### Work instructions
Write out the line with "Gotta patti Tissue organza silk suit" and every later line through the end of the data below, exactly as given, with no pictures in the copy.

[Available data — start]

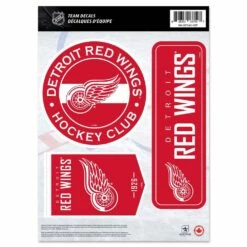 NHL Detroit Red Wings Hockey Team Vinyl Decals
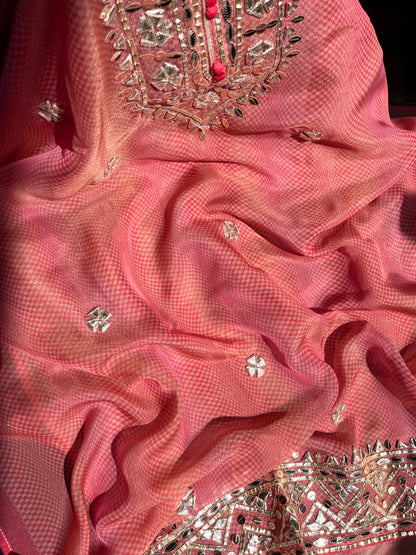 Gotta patti Tissue organza silk suit
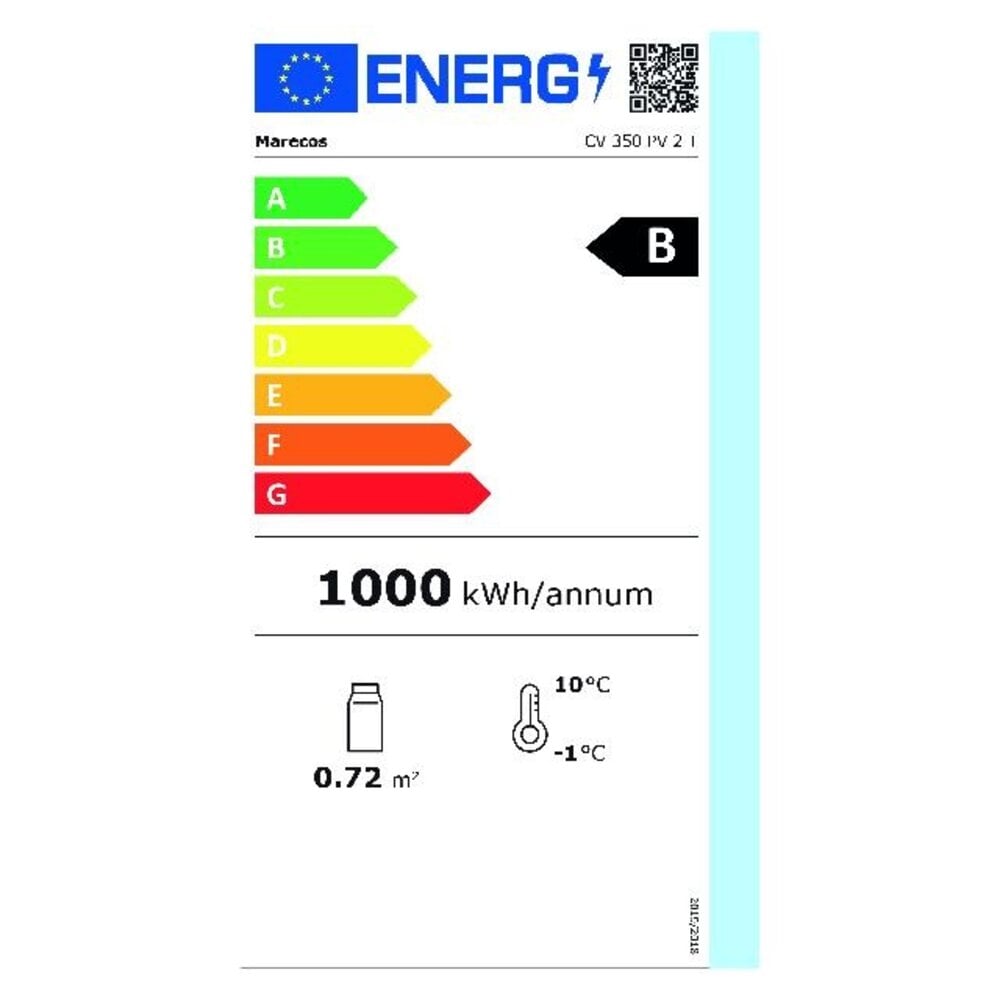 Saro 2 - zone wijnklimaatkast model cv 350 pv 2t | 486-1005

[Available data — finish]

### Exercise solution
 Gotta patti Tissue organza silk suit
 Saro 2 - zone wijnklimaatkast model cv 350 pv 2t | 486-1005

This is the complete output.